* [TASK TO CARRY OUT]
Skip the pictures and give back the rest of the listing exactly.

* [COLLECTED DATA]
= Beginning of Section =

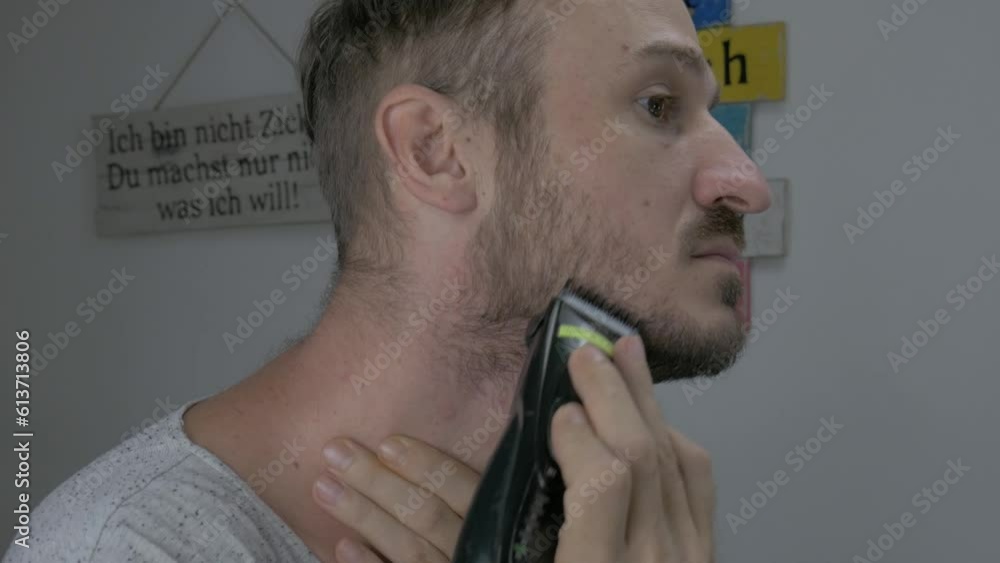 A Caucasian male is trimming his facial hair with an electric shaver to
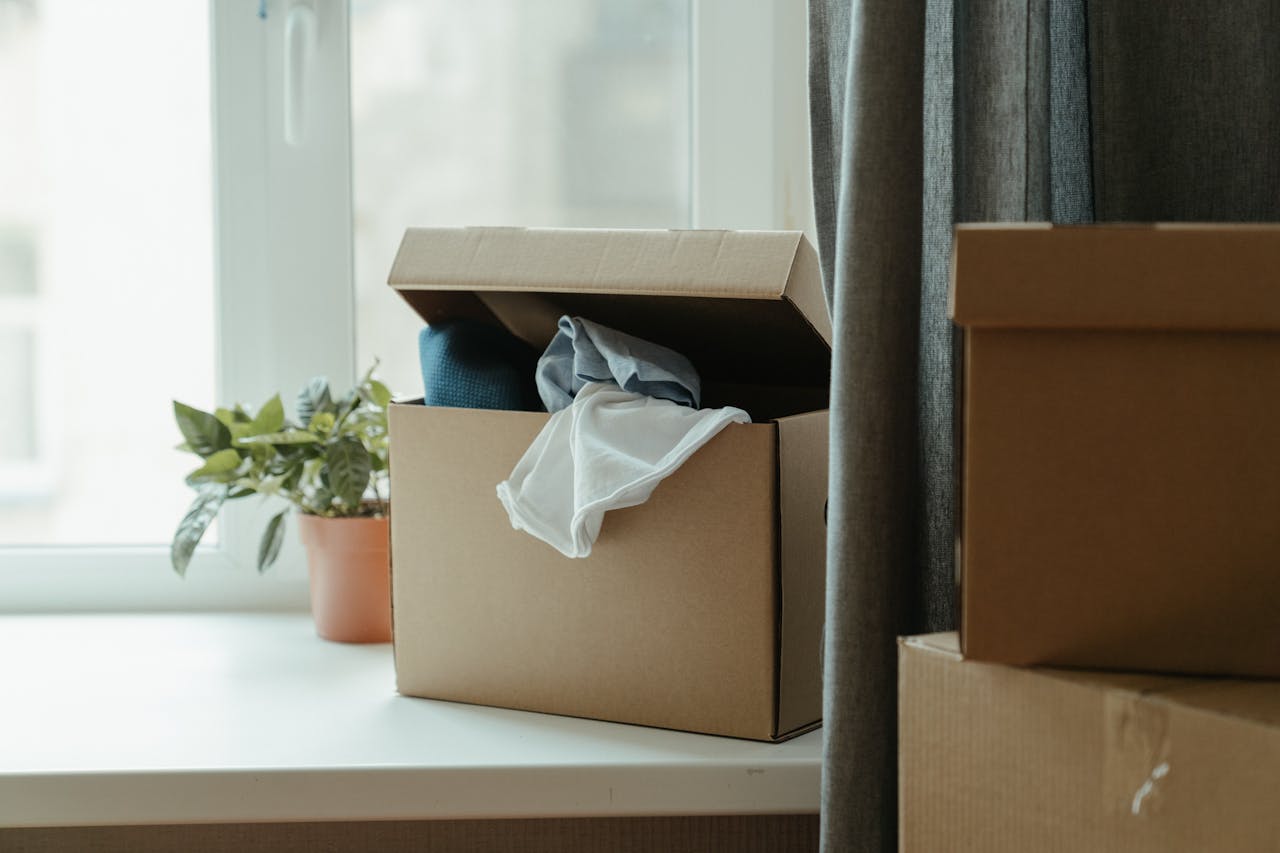 why-choose-us Open cardboard box with clothes by window, symbolizing moving or relocation.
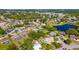 Aerial view of the community showcasing homes with pools surrounded by lush landscaping at 1525 Fleetwood Dr, Sarasota, FL 34232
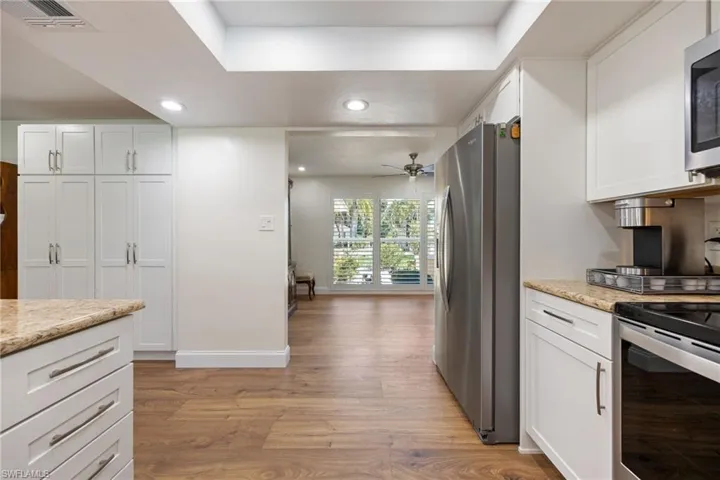 Kitchen featuring white cabinets, stainless steel appliances, light wood-style floors, and visible vents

= End of Section =

* [OUTPUT FOR THIS EXERCISE]
 A Caucasian male is trimming his facial hair with an electric shaver to
 why-choose-us Open cardboard box with clothes by window, symbolizing moving or relocation.
 Aerial view of the community showcasing homes with pools surrounded by lush landscaping at 1525 Fleetwood Dr, Sarasota, FL 34232
 Kitchen featuring white cabinets, stainless steel appliances, light wood-style floors, and visible vents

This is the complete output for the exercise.